The Gauteng Provincial Legislature’s Standing Committee on Petitions, led by Chairperson Adv. Ezra Letsoalo, convened a meeting with the Gauteng Department of COGTA and the Department of Human Settlements this morning at the Gauteng Legislature.
The committee is hindered with unresolved petitions that are currently clogging the petitions system, obscuring the Committee from tackling other substantive issues while addressing the backlog. The meeting was largely for the two Departments to provide progress reports on historical batches of petitions related to their areas of responsibility, since they were handed over in July 2023.
The Department of COGTA has been tasked by the Committee to effectively facilitate, coordinate and speedily report on all outstanding municipal service delivery petitions for the effective closure of the petitions, thus addressing the Committee’s backlog. The updated report from the Department was optimistic in how synergies in the Department’s reformulation of the petitions management function between the municipal structures and the provincial executive would assist in expediting the resolution of petitions.
A total of 142 petitions on RDP housing allocations ranging from applications made between 1996 to 2022, including, old C-form applications (1996 – 1999), and the elderly and persons living with disabilities were handed over to the Department of Human Settlements yesterday. RDP allocations are the largest chunk of petitions that the Committee is inundated with. During the current 6th Legislative term, 51% of all adopted petitions were RDP related. The handover is to encourage the fast-tracking of the resolution of residents’ petitions.
“The Committee no longer wants to deal with the same complaint on service delivery issues individually. These tend to obscure our focus on more substantive issues that relate to other service delivery issues from different service departments. The petitions system is well utilised by ordinary citizens who have no other redress mechanisms for their issues. We therefore, want to give all petitions our attention and speedily resolve them, especially where there are no inter-reliant limitations and bring our petitions register updated with the current roll of petitions”; expressed Adv. Letsoalo, Chairperson of the Standing Committee on Petitions.

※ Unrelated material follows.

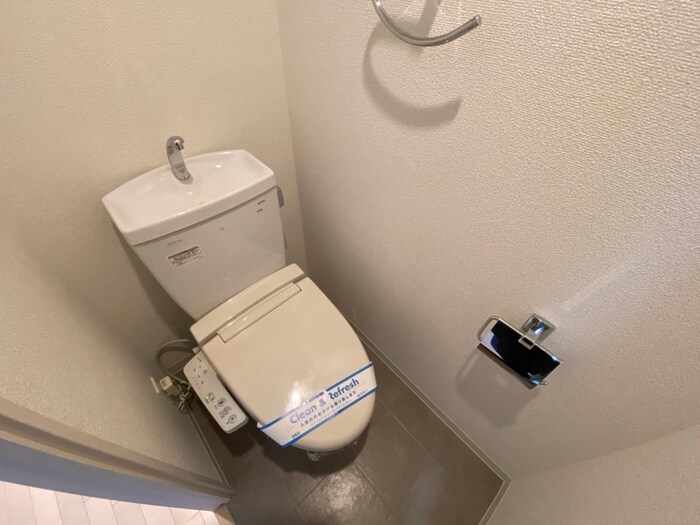 物件内観写真11　(トイレ)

The Committee expects a comprehensive report from the Department of Human Settlements. This report is expected to illustrate the extent the Department would have gone to individually notify and update all 142 petitioners on their application status. Furthermore, update the Committee on the creation of channels where petitioners can frequently enquire from, for the latest update on their application status. The petitions remain open until such a time the Committee reaches satisfactory levels of interventions were implemented to warrant closure of the petitions.